“I am not asked to make a sacrifice”

[Please note: ACIM passages quoted in this article reference the Foundation for Inner Peace (FIP) Edition.]

First off, I want to apologize for being away for so long. I’ve had quite a lengthy illness, which the rest of my family here got, but I got worse! That’s why we had no CCC classes last month and why I’ve been so silent here. I’m feeling much better now and as a result am getting back on track with my practice, and I wanted to share a bit about how it’s going today. I’m doing Lesson 343 today:

“I  am not asked to make a sacrifice
To find the mercy and the peace of God.”

I find myself relating to this lesson in a way I haven’t before, and it’s really because of a single observation. This morning I realized that I see every little thing that I’m asked to do “to find the mercy and the peace of God” to be a sacrifice. Pausing for a practice period. Saying the prayer for this lesson. Forgiving other people. Giving to other people. Dispelling wandering thoughts when I meditate. Asking for guidance. All of it seems like a sacrifice. Now I know it’s not really, but that hasn’t kept it from feeling that way on an emotional level. When I think of getting to God I feel this enormous sense of payment. It feels like purchasing the world’s most expensive car when you’re poor.

What came to me today is that this is really a problem of mislabeling. I’ve labeled all those things I mentioned above as sacrifice. And I’ve labeled the things I would do instead as pleasure, as kindness to myself. That simple act of mislabeling makes a huge difference. Those labels become self-fulfilling: I call practice a drudgery and so I (at least partly) experience it as drudgery.

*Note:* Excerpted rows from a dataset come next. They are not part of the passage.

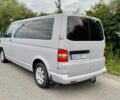 Серый Фольксваген Transporter, объемом двигателя 2.5 л и пробегом 226 тыс. км за 10700 $, фото 2 на Automoto.ua
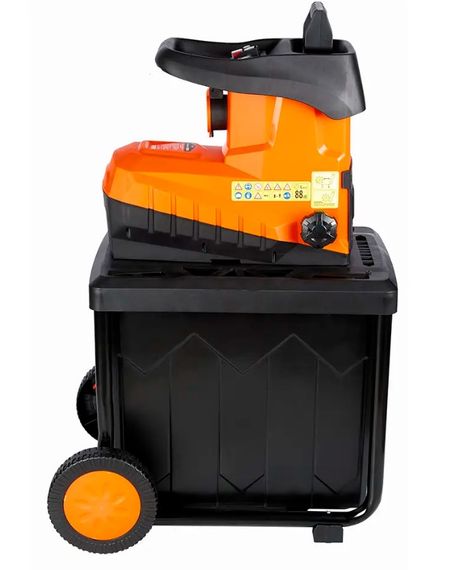 Подрібнювач садовий Sequoia SEGS2545BH | Зображення 6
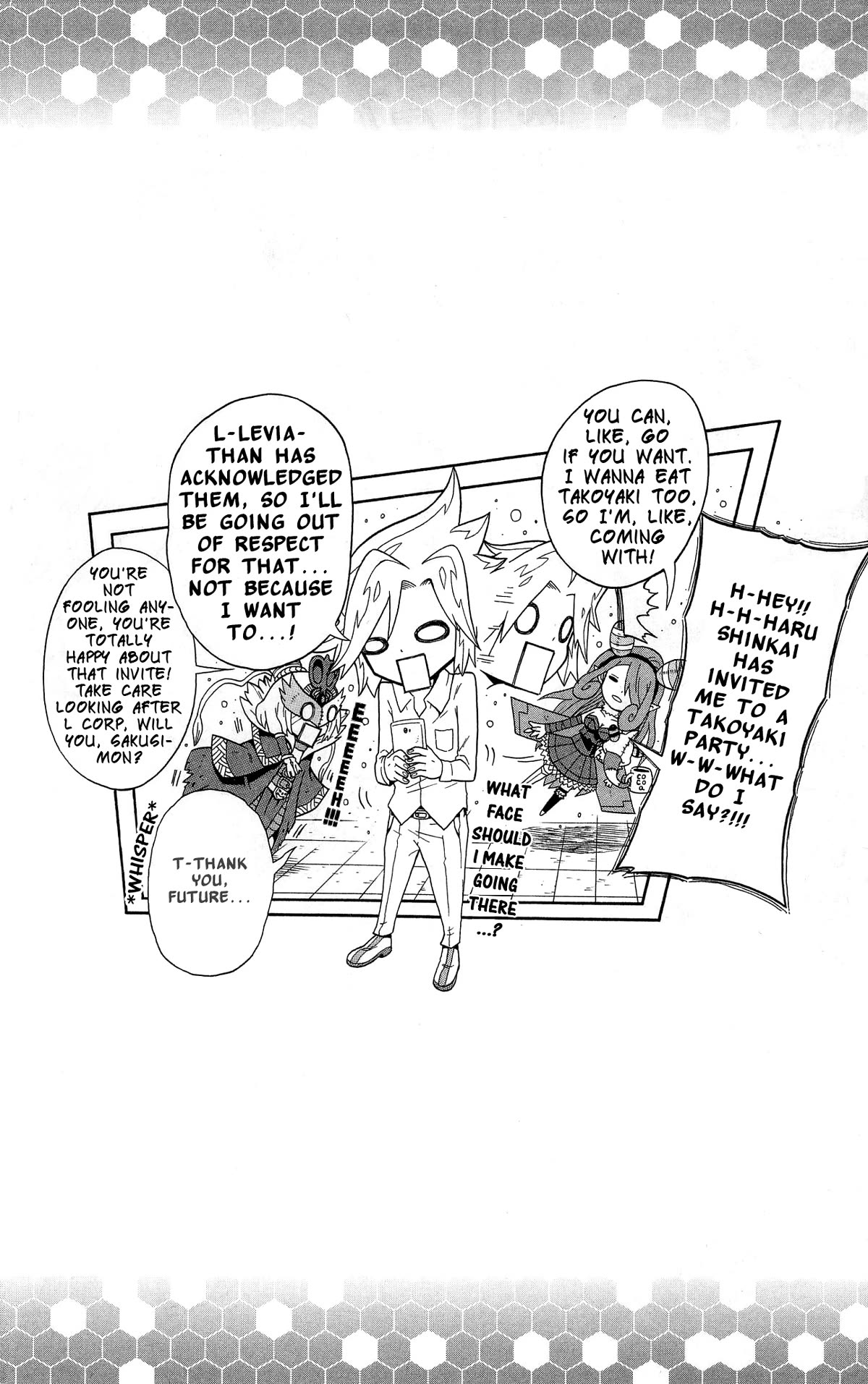 Digimon Universe: Appli Monsters Chapter 12 page 23 - Chapter 12: Gatch!! [END]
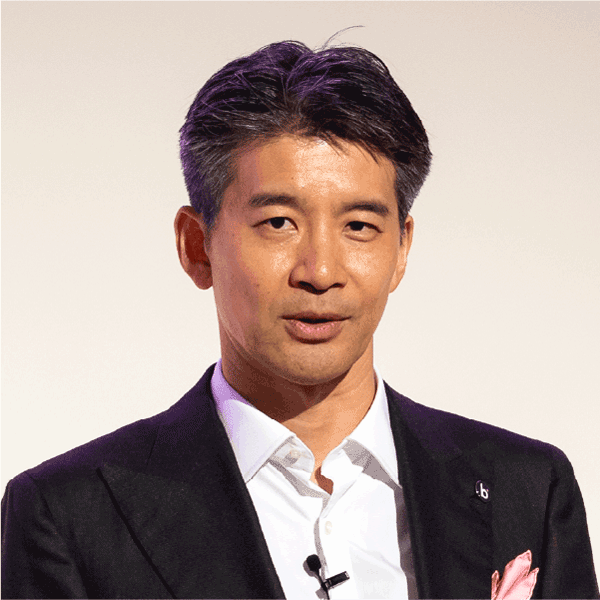 河野 英太郎 氏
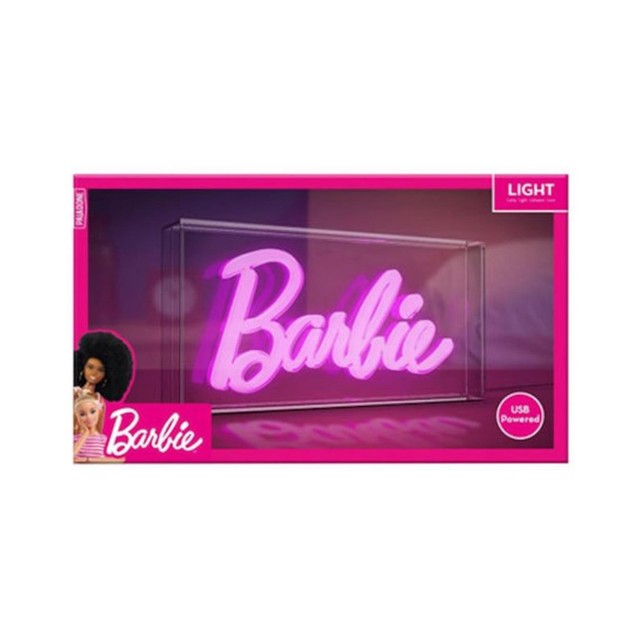 Paladone: Barbie - LED Neon Light (PP11573BRV2)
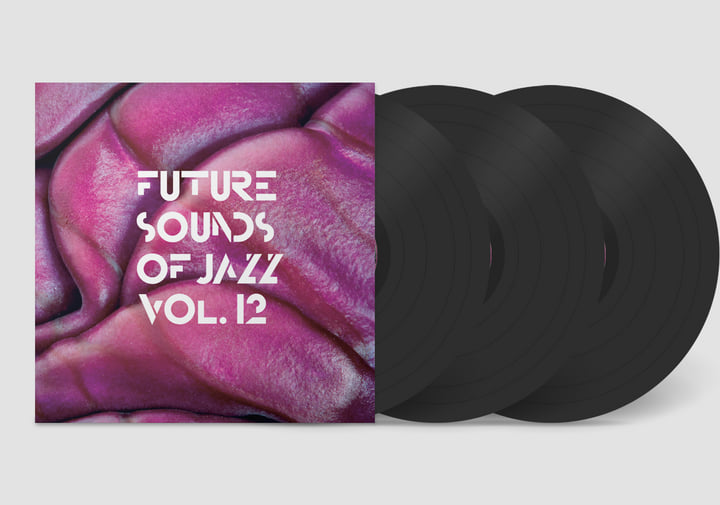 Various Artists - Future Sounds Of Jazz Vol. 12 [3LP]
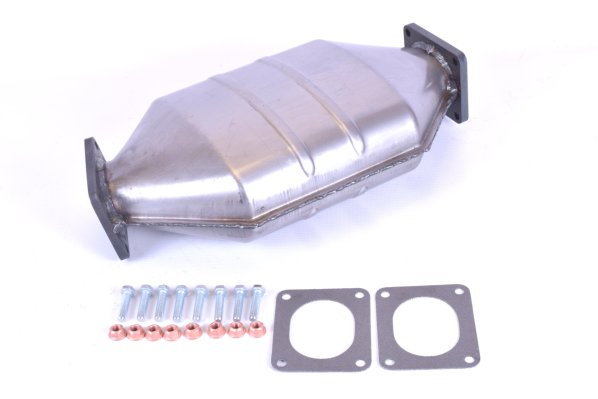 Soot/Particulate Filter, exhaust system EEC DPF044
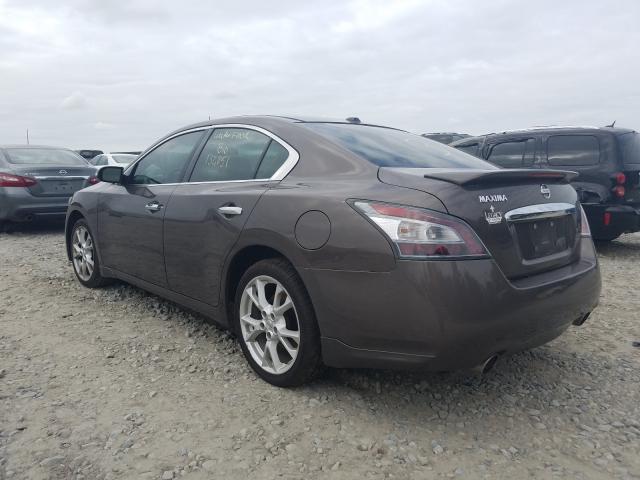 Photo 2 VIN: 1N4AA5AP0CC804558 - NISSAN MAXIMA S 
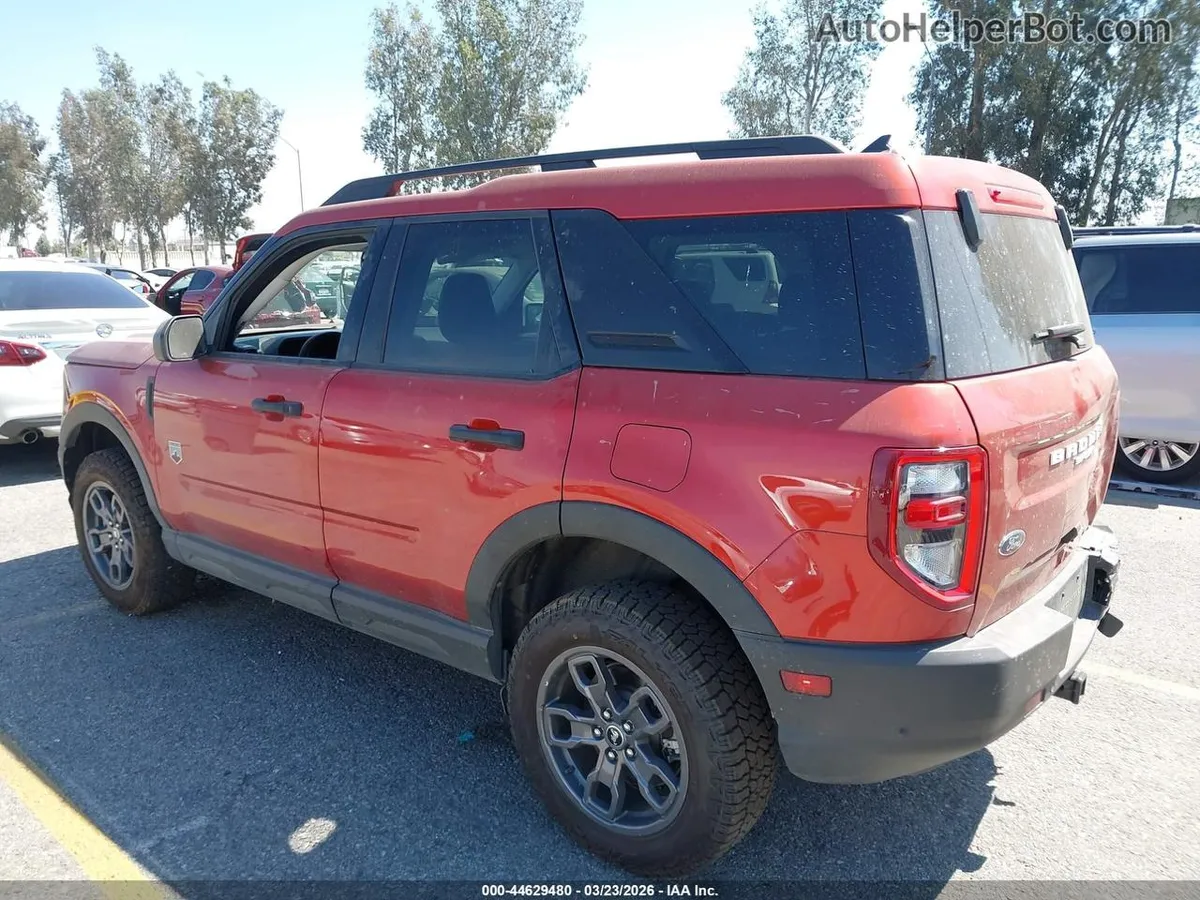 FORD BRONCO SPORT BIG BEND 2022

So today I’ve been trying to label all the elements of the Course’s program as a kindness to myself. I’ve been trying to see them all as joyous acts of laying hold of the mercy and the peace of God for free. So far it’s had two effects. One is that I’ve been keeping with the practice really well. My usual ambivalence seems gone. The other is that I am finding the thought that there’s nothing to sacrifice in order to find God to be an astonishing thought. How incredible! Could it really be true? Is it possible that there is absolutely no cost, nothing (real) to give up, in order to find God? What a deal! Why have I been doing so much procrastinating on the journey home?